■ Try it ■
Only the lines from the one with "living area featuring" to the end of the data, both ends included, should be output, exactly as they stand and without pictures.

━━━━━━

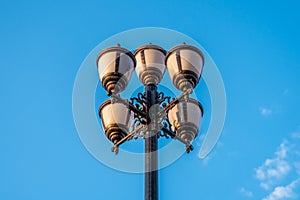 The old retro lamp post and the beautiful white and blue sky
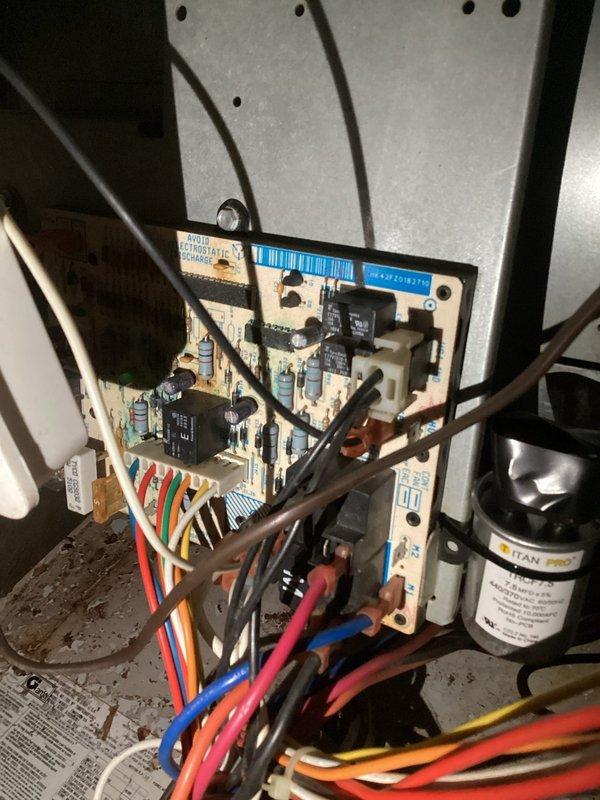 Diagnosed a no-heat issue on an aging furnace system. Inspection revealed the furnace was circulating cool air due to a failed control board, as evidenced by examination of the circuit board components. Recommended replacement options for both the control board and complete system based on unit age exceeding 10 years.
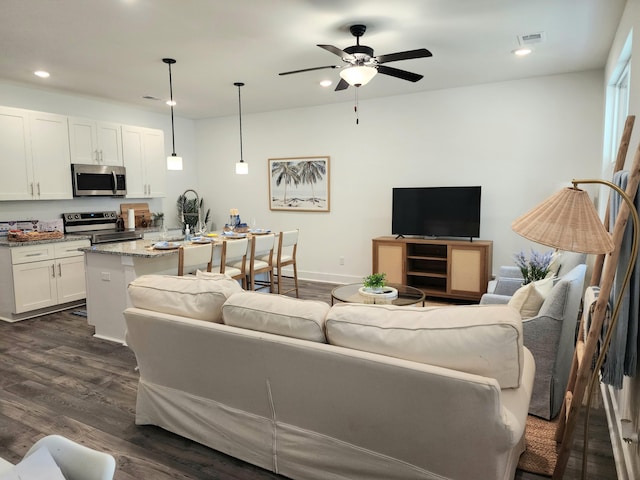 living area featuring visible vents, dark wood-type flooring, a ceiling fan, recessed lighting, and baseboards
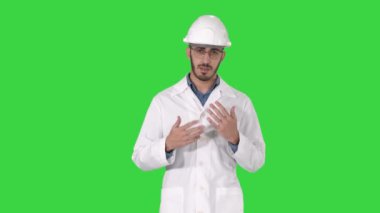 Beyaz cüppe ve kask bilim adamı el ile yan gösteren ve Yeşil Ekranda kameraya açıklayan, Chroma Anahtar.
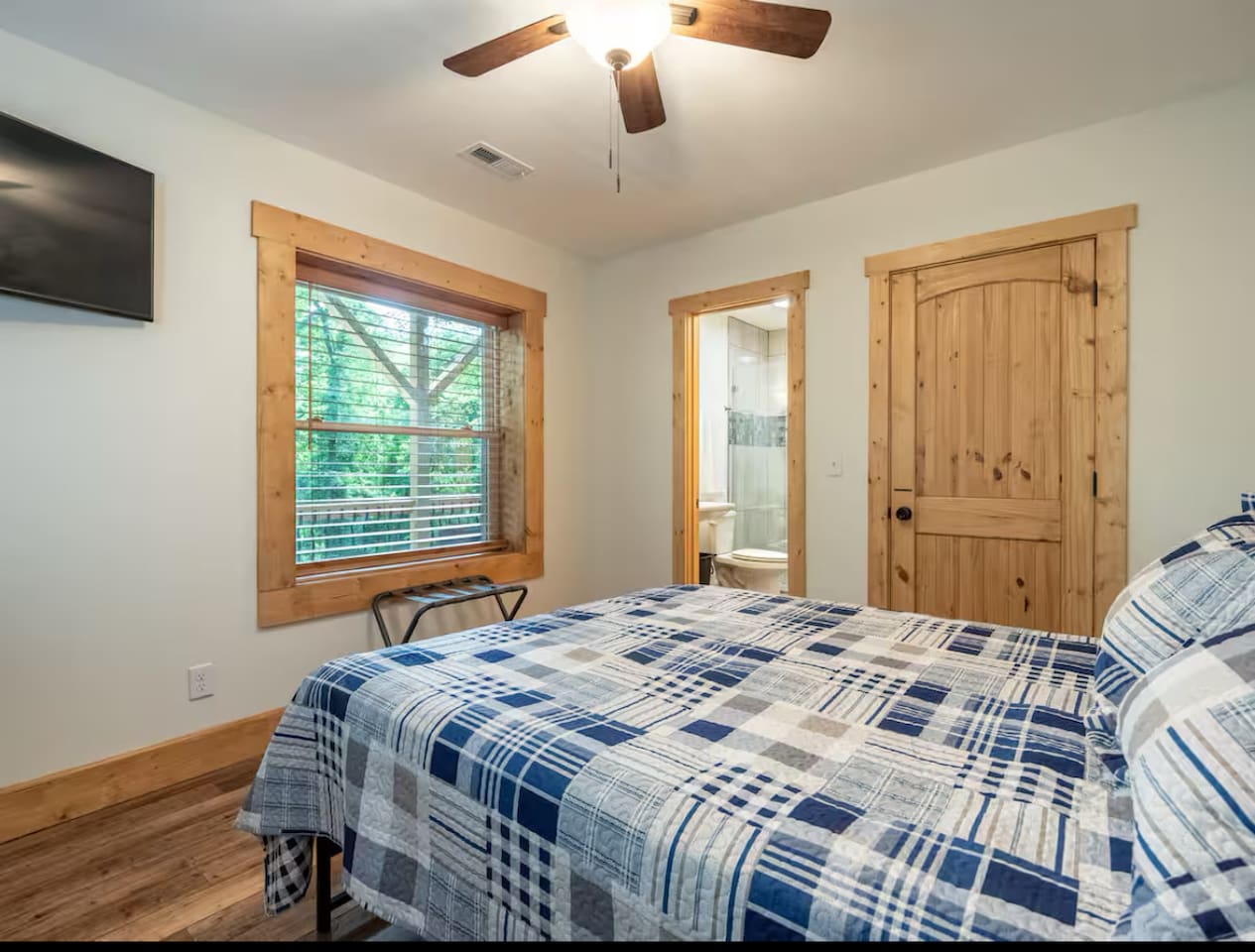 Bedroom #2 located on lower level of home / queen sized bed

━━━━━━

■ Written response ■
 living area featuring visible vents, dark wood-type flooring, a ceiling fan, recessed lighting, and baseboards
 Beyaz cüppe ve kask bilim adamı el ile yan gösteren ve Yeşil Ekranda kameraya açıklayan, Chroma Anahtar.
 Bedroom #2 located on lower level of home / queen sized bed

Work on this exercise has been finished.